START DATA BLOCK

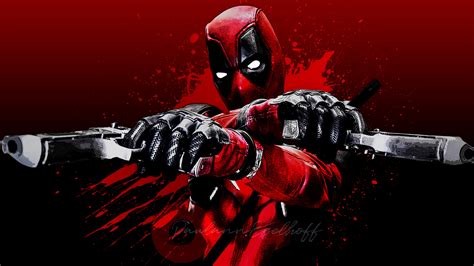 Deadpool Guns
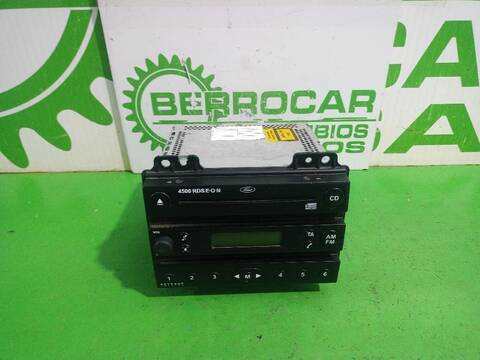 Sistema Audio Radio CD Ford Fiesta FUN 68CV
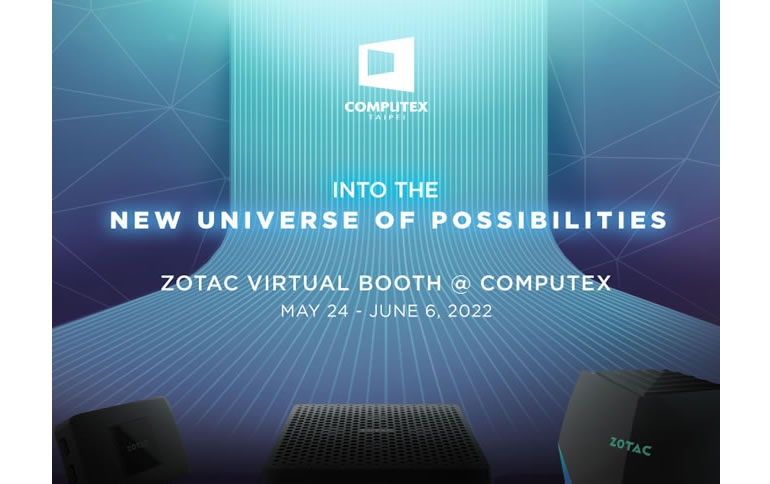Zotac introduces new products for Computex 2022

END DATA BLOCK

* EXERCISE DIRECTIONS: Retype each line of the listing above word for word. Exclude the pictures.

* EXERCISE RESULT:
 Deadpool Guns
 Sistema Audio Radio CD Ford Fiesta FUN 68CV
Zotac introduces new products for Computex 2022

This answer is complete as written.